In 2004, when MapReduce was first published, the MapReduce solution proposed above was novel. Research on MapReduce focused on tuning performance and support for generic query execution (to obviate the need to write explicit Maps and Reduces). By 2012, Spark and other tools had provided well-optimized SQL interfaces to distributed data. One could apply Spark SQL to the distributed setting described above and Spark would effectively auto-generate a MapReduce job for you. (Today, Spark will compile the Map and Reduce operations into highly-optimized bytecode at query time).

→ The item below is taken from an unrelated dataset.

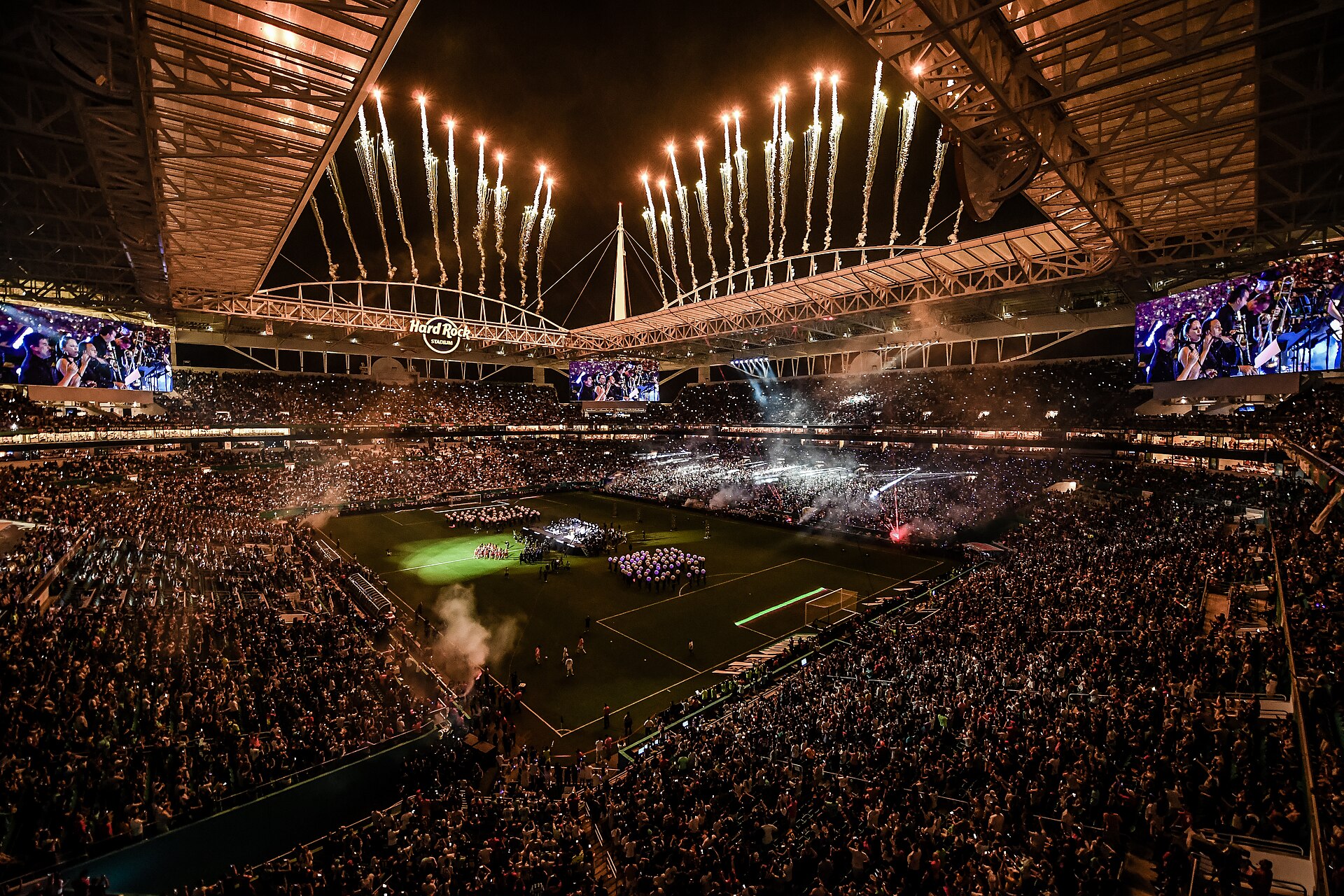 Marc Anthony performs at halftime of El Clásico Miami on July 29, 2017.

…to Interactive Cluster Computing

Spark is much more than a MapReduce platform. At its core, Spark is a distributed execution engine:

When you run a Spark job:

  • Your machine, the Driver, gains interactive control of JVM (and Python) processes on cluster Worker machines. (Your local machine might host Worker processes when running in Local Mode).
  • Code from the Driver is transparently serialized (e.g. via cloudpickle) and sent as bytes to the Workers, who deserialize and execute the code. The Workers might send back results, or they might simply hold resulting data in Worker memory as a distributed dataset. (The Workers can also spill to local disk). The user’s library code (e.g. Java JARs and Python packages) can be torrented out to Workers through the SparkFiles API (and usage of this API can be automated using oarphpy).
  • Each Worker can independently read and write to a distributed datastore like AWS S3. This many-to-many strategy allows a job to achieve arbitrarily high levels of total I/O.
  • Workers can join and leave the cluster as one’s job is executing. When workers leave (or a task fails), Spark will automatically try to re-compute any lost results using the available Workers.
  • When dealing with input data that is already distributed (e.g. in Hadoop HDFS, Gluster, etc), Spark will use data locality information to try to co-locate computation with data. (This is a central feature of MapReduce: move computation to the data).
  • Above, we noted that Spark can transparently distribute user code (e.g. functions, classes, and libraries) with each job run. If one needs to distribute a dockerized runtime environment with user dependencies, Spark offers integration with Kubernetes, which will transparently distribute, cache docker images for, and set up dockerized Workers on a per-job basis. This feature provides one of the easiest and most robust solutions for scaling a complete runtime environment from a single machine to a cluster.
  • The overhead of Spark itself? Spark’s task execution latency adds mere milliseconds to network latency, and Spark serializes task results with the most efficient solution available (and for Python uses standard pickle and not cloudpickle). Spark carefully manages JVM memory, reserving some for user code and some for buffering intermediate results. (The user can tune these settings on a per-job basis).

Spark versus …

Beam

Beam seeks to be a software architecture that abstracts away the underlying execution of an ETL job. Beam focuses on streaming workflows where Hadoop was once the de-facto tool: crunching log files using custom Maps and Reduces. Beam offers a modern take and offers specialized support for streaming sources– e.g. logs straight from a webapp or Kafka cluster. Beam is a favorite among Google Cloud sales engineers (i.e. their auto-scaling Dataflow offering) and Google Research engineers who lack a Python-focused ETL tool due to Google’s internal deprecation of MapReduce (public examples: 1 2 ). Beam was first published as Google Dataflow.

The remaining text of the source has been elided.